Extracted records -
* * * * *

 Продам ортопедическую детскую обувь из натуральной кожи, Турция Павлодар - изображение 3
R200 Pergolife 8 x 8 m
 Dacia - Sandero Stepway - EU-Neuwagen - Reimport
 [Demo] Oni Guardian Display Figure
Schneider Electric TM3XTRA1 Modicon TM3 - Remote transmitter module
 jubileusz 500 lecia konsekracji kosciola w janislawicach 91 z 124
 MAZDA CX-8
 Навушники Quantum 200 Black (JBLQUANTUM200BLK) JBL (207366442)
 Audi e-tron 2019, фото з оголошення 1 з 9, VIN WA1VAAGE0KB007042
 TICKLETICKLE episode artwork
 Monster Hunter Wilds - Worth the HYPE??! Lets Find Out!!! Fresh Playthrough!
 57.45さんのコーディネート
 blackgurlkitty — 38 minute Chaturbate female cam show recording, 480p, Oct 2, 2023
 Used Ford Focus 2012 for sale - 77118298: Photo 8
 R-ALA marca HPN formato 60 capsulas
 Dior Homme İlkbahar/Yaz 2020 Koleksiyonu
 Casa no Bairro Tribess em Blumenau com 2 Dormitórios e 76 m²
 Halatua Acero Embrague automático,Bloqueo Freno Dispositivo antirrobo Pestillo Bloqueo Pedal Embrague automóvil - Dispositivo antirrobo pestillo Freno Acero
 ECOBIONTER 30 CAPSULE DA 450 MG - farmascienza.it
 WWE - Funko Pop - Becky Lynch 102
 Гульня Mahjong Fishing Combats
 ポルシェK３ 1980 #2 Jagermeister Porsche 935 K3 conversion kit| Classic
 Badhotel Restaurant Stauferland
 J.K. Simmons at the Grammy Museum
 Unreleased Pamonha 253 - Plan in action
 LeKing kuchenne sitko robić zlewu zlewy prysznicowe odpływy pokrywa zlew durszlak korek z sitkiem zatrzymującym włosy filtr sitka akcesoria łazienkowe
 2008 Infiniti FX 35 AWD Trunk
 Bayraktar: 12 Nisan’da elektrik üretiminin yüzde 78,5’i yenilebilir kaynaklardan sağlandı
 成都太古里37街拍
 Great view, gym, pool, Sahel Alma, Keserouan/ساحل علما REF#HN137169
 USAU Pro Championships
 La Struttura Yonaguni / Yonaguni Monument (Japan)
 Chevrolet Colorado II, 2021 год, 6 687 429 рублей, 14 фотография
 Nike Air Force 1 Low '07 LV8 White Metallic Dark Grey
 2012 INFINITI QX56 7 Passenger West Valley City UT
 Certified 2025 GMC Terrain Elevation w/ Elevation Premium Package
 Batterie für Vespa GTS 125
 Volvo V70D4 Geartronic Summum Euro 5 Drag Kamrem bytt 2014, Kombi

* * * * *

Try it - Nothing in the data may differ; print all of it exactly as written.

Written reply -
 Продам ортопедическую детскую обувь из натуральной кожи, Турция Павлодар - изображение 3
R200 Pergolife 8 x 8 m
 Dacia - Sandero Stepway - EU-Neuwagen - Reimport
 [Demo] Oni Guardian Display Figure
Schneider Electric TM3XTRA1 Modicon TM3 - Remote transmitter module
 jubileusz 500 lecia konsekracji kosciola w janislawicach 91 z 124
 MAZDA CX-8
 Навушники Quantum 200 Black (JBLQUANTUM200BLK) JBL (207366442)
 Audi e-tron 2019, фото з оголошення 1 з 9, VIN WA1VAAGE0KB007042
 TICKLETICKLE episode artwork
 Monster Hunter Wilds - Worth the HYPE??! Lets Find Out!!! Fresh Playthrough!
 57.45さんのコーディネート
 blackgurlkitty — 38 minute Chaturbate female cam show recording, 480p, Oct 2, 2023
 Used Ford Focus 2012 for sale - 77118298: Photo 8
 R-ALA marca HPN formato 60 capsulas
 Dior Homme İlkbahar/Yaz 2020 Koleksiyonu
 Casa no Bairro Tribess em Blumenau com 2 Dormitórios e 76 m²
 Halatua Acero Embrague automático,Bloqueo Freno Dispositivo antirrobo Pestillo Bloqueo Pedal Embrague automóvil - Dispositivo antirrobo pestillo Freno Acero
 ECOBIONTER 30 CAPSULE DA 450 MG - farmascienza.it
 WWE - Funko Pop - Becky Lynch 102
 Гульня Mahjong Fishing Combats
 ポルシェK３ 1980 #2 Jagermeister Porsche 935 K3 conversion kit| Classic
 Badhotel Restaurant Stauferland
 J.K. Simmons at the Grammy Museum
 Unreleased Pamonha 253 - Plan in action
 LeKing kuchenne sitko robić zlewu zlewy prysznicowe odpływy pokrywa zlew durszlak korek z sitkiem zatrzymującym włosy filtr sitka akcesoria łazienkowe
 2008 Infiniti FX 35 AWD Trunk
 Bayraktar: 12 Nisan’da elektrik üretiminin yüzde 78,5’i yenilebilir kaynaklardan sağlandı
 成都太古里37街拍
 Great view, gym, pool, Sahel Alma, Keserouan/ساحل علما REF#HN137169
 USAU Pro Championships
 La Struttura Yonaguni / Yonaguni Monument (Japan)
 Chevrolet Colorado II, 2021 год, 6 687 429 рублей, 14 фотография
 Nike Air Force 1 Low '07 LV8 White Metallic Dark Grey
 2012 INFINITI QX56 7 Passenger West Valley City UT
 Certified 2025 GMC Terrain Elevation w/ Elevation Premium Package
 Batterie für Vespa GTS 125
 Volvo V70D4 Geartronic Summum Euro 5 Drag Kamrem bytt 2014, Kombi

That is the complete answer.